Automation caveats and how benefits far outweigh them

Implementing automation can help companies streamline processes, reduce costs, improve accuracy and increase productivity.
Ethan Searle
By Ethan Searle, Business development director, LanDynamix.
Johannesburg, 29 Jun 2023

Caveat is the wrong word, as strictly speaking there are none, but there are challenges. One of the key principles to bear in mind is that each challenge must be considered in the context of the business benefit it is blocking. 

This is the best approach to take because it opens the door to devising and implementing the actions necessary to overcome barriers.

Automation has become an essential tool for businesses looking to improve efficiency, productivity and profitability. However, despite its benefits, there are several challenges associated with automation that must be addressed. These challenges can hinder the implementation and success of automation initiatives if not dealt with effectively.

One of the most daunting hurdles for many companies is the upfront cost of automation. Such initiatives often require an initial investment that may not be immediately justified. For example, automating time-consuming maintenance tasks, such as storage clean-up, can be costly at the outset. However, the benefits of automation usually outweigh the costs in the long run.

In this case, regular maintenance can prevent data loss, reduce the risk of system crashes and improve overall system performance. The reduction in support calls or staffing needs can also help justify the upfront cost of automation.

One of the most daunting hurdles for many companies is the upfront cost of automation.

Another problem is the need to link disparate apps. Automation often requires connecting two or more applications that may not have been designed to work together. This can be a significant challenge, but it can be overcome by leveraging existing APIs or creating new ones.

For instance, linking payroll, timesheet and sales apps can enable the automation of overtime or commission payments. Such an approach can eliminate manual data entry, reduce errors and improve the accuracy of payments.

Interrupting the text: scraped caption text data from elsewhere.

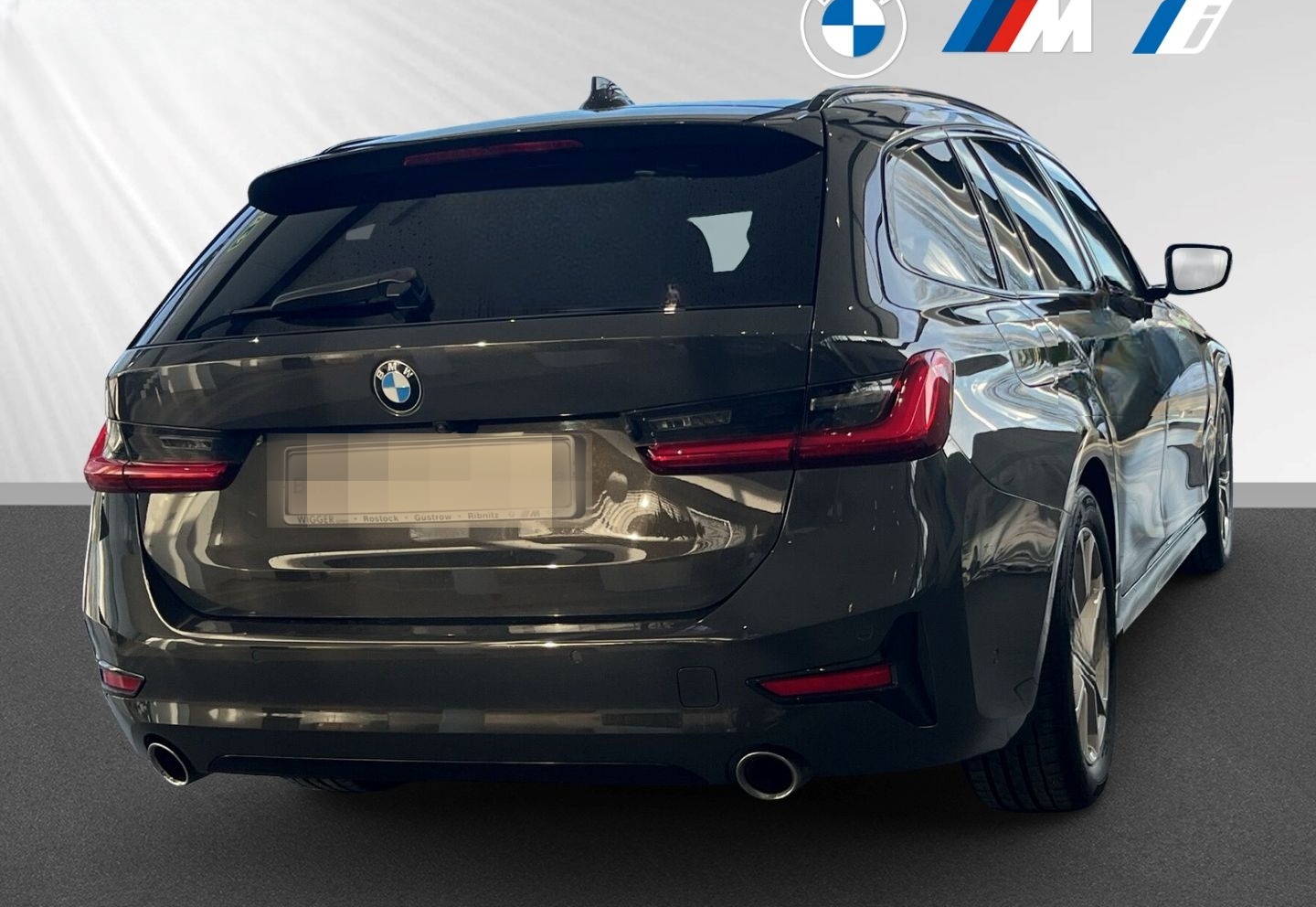 BMW 330 i Sport Line touring/Panodach/HarmanKardon foto 3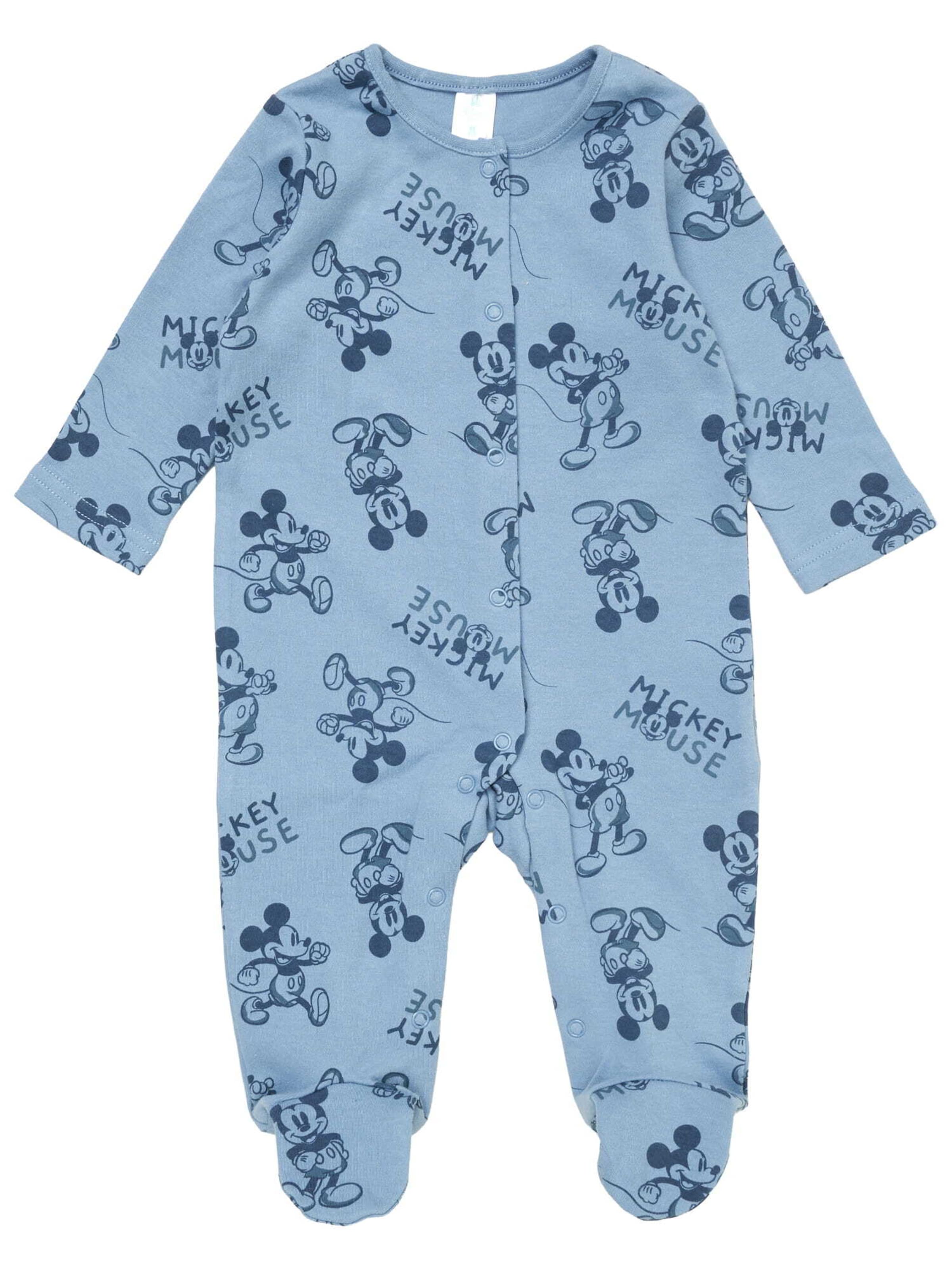 DISNEY Set 'Mickey Mouse' in Blau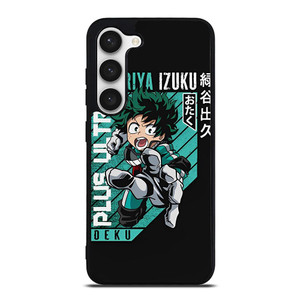 MY HERO ACADEMIA MIDORYA IZUKU  Samsung Galaxy S23 Case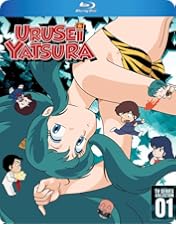 うる星やつら Blu-ray BOX 2〈8枚組〉　ニューテレシネHDマスター版 Amazon.co.jp: うる星やつら Blu-ray Disc BOX 2(完全生産限定版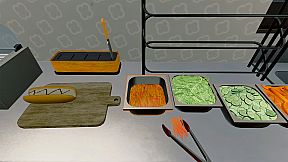 FOOD TRUCK SHOP SIMULATOR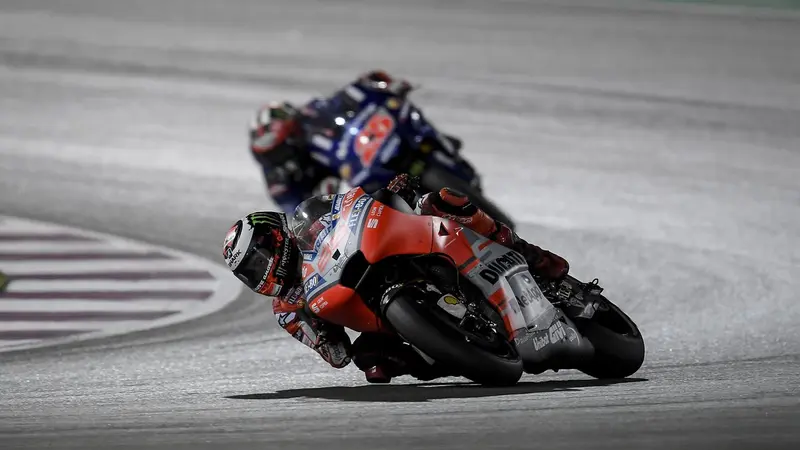 Jorge Lorenzo, MotoGP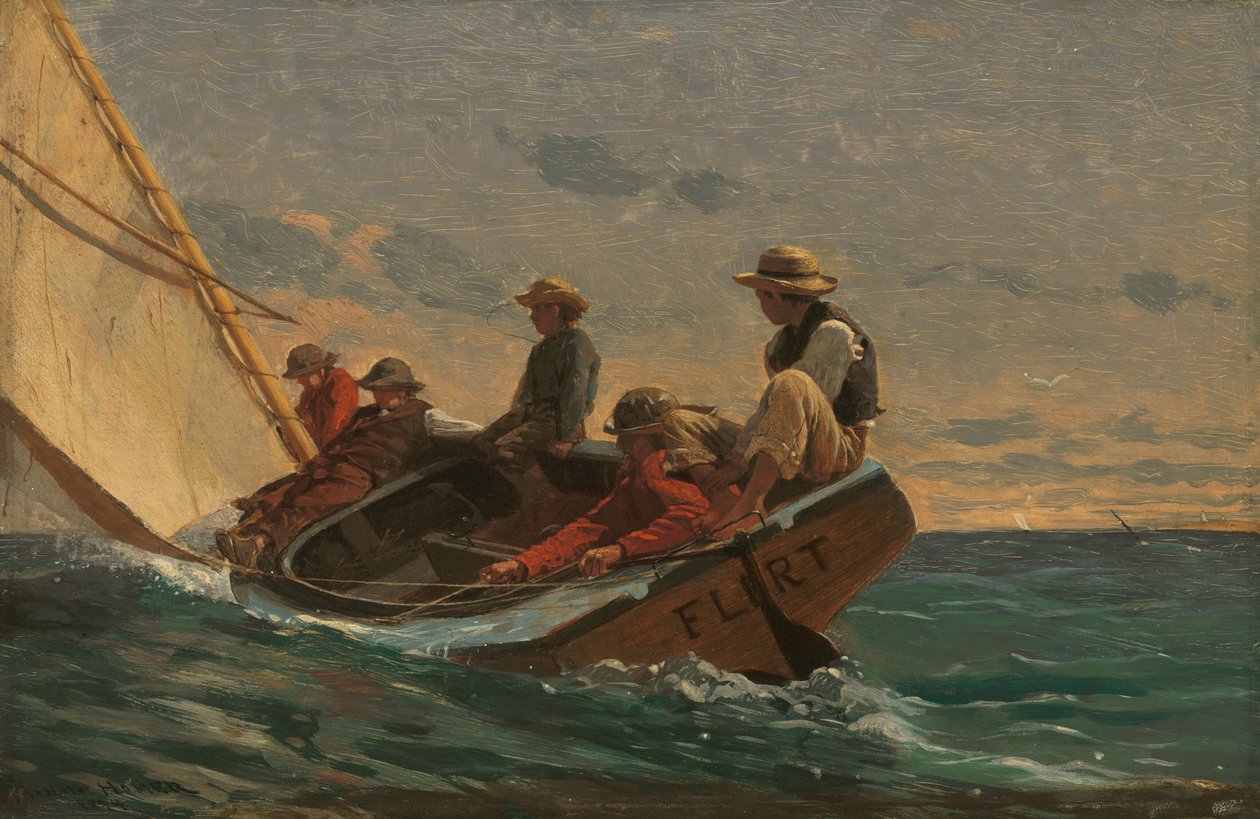  by Winslow Homer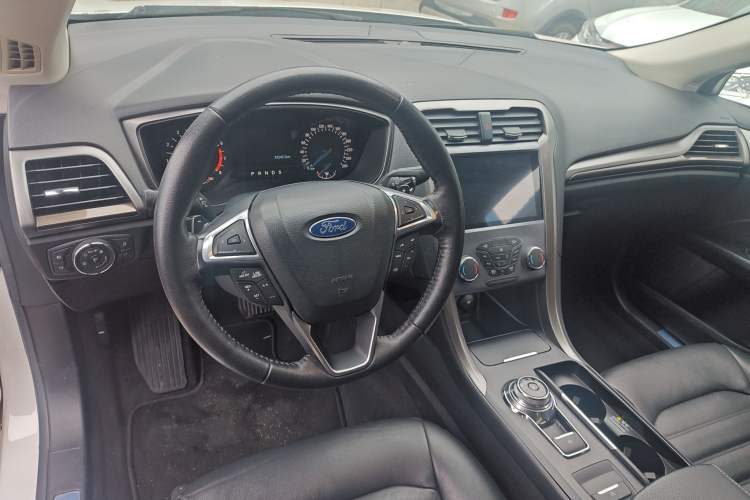 Used Ford Mondeo 2017 Facelifted EcoBoost 180 Fashion Edition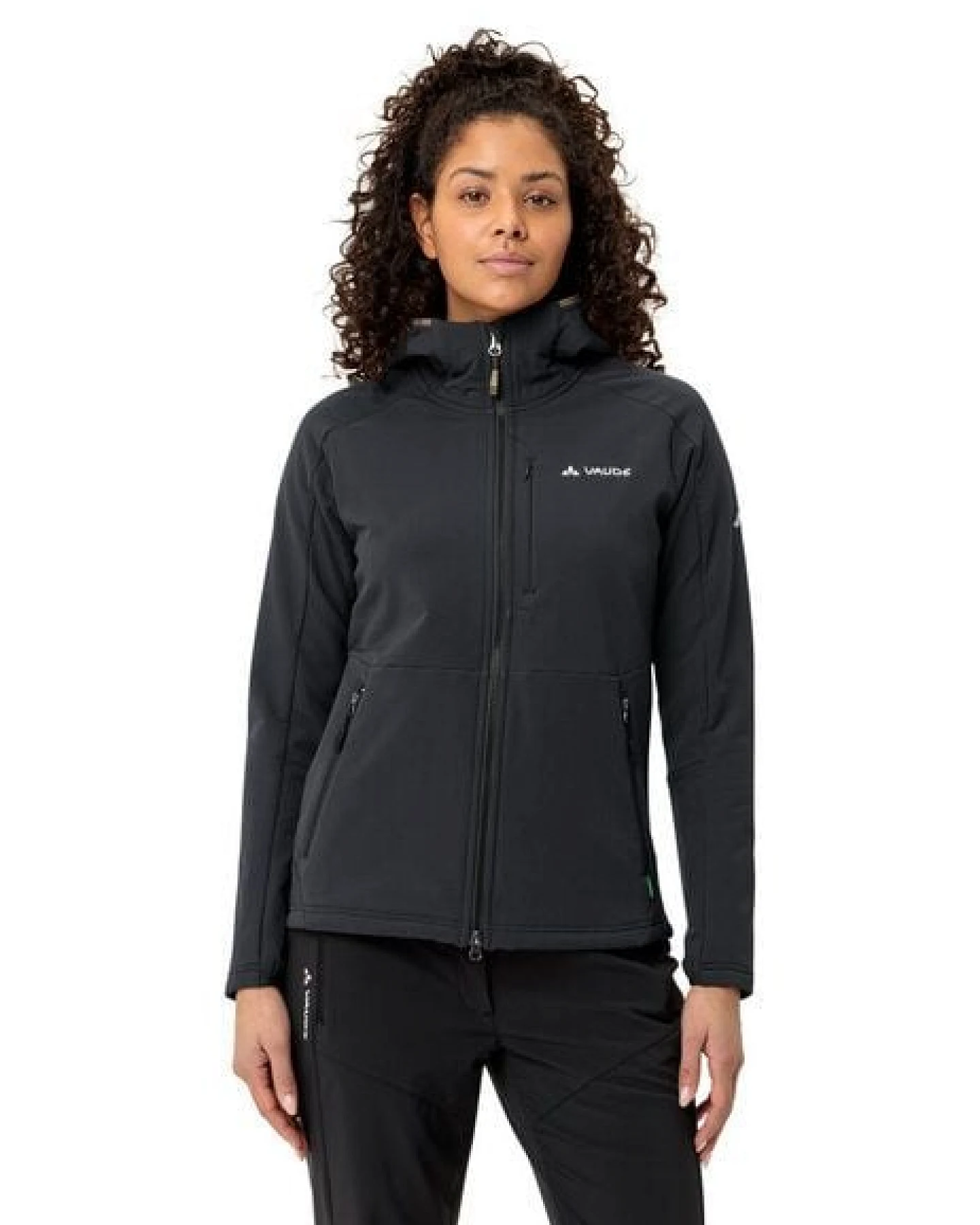 VAUDE Jacken Women's Elope Stormfleece Hoody – Ansicht 3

But sometimes it is just not meant to be automated. Some applications are simply not amenable to being automated easily, or at all. In such cases, the business must decide whether it is prepared to incur the necessary expense and disruption of implementing an alternative application that can be automated.

When deciding whether to automate a business process or not, it is essential to consider the unique needs and goals of the company.

Automation is not a one-size-fits-all solution, and each application must be evaluated based on its ability to support or cater for the company's individual processes, the complexity of implementation, the potential for error and the possible cost savings.

In some cases, it may be more cost-effective to keep it manual, especially if the application does not contribute significantly to the bottom line.

A company should never adjust processes into predefined limitations within a certain application, as it will erode competitive advantage and it may end up looking just like its competitor that uses the same application.

The human factor

Automation can be a controversial subject in countries like South Africa, where there is high unemployment and a large, unskilled workforce − these circumstances make carefully calibrated automation strategies crucial.

Many employees instinctively do not want to be taken out of their comfort zones and will actively resist. The best way to approach this is by searching for business problems that automation can solve and boost morale by addressing a common staff grumble, which is: “There aren't enough hours in the day.”

It's important to encourage automation project delivery teams to ensure they demonstrate automation benefits to staff, including up-skilling users. They need to show how business owners will have more time to focus on improving operations and refining strategy, while employees will be liberated from mind-numbing jobs and given the scope to take on more valuable work, enhance skills and generally be more motivated.

An attitude of continuous improvement must be cultivated. Moreover, it needs to be understood that freeing up staff time is not another term for cutting head count. It needs to be made clear that the idea is to provide greater opportunity for existing staff to take on more demanding/interesting work, gain skills and better their long-term career prospects.

When implementing automation, it is also crucial to provide staff with training that goes beyond just learning how to use the application. It is essential to ensure employees understand the principles behind automation and the benefits it can bring.

While there may be upfront costs associated with both the application and training, these expenses will decrease over time.

Despite these challenges, the benefits of automation far outweigh any negatives. Simply put, automation can help companies to streamline processes, reduce costs, improve accuracy and increase productivity.

Furthermore, increased efficiency can lead to cost savings that will more than offset the upfront costs associated with implementing automation and training staff.

The key is to consider each challenge in the context of the business benefit it is blocking. By doing so, businesses can devise and implement the necessary actions to overcome barriers and ensure the success of their automation initiatives.

In conclusion, it's all about how you go about it. The growing commercial viability of robotics, machine learning and artificial intelligence highlights the significant role that automation will play in enhancing business operations and optimising the use of valuable human resources.

However, implementing automation should be a phased process that includes a comprehensive upskilling programme for as many employees as possible.

When viewed as part of a strategy to improve efficiencies and enable employees to realise their full potential, the benefits of automation are substantial, involve a cycle of continuous improvement and an engaged workforce. But the key to successful automation is in the approach taken by businesses.

By embracing automation in a phased and strategic manner, businesses can enjoy these positive outcomes that ultimately lead to a win-win situation for both the company and its employees.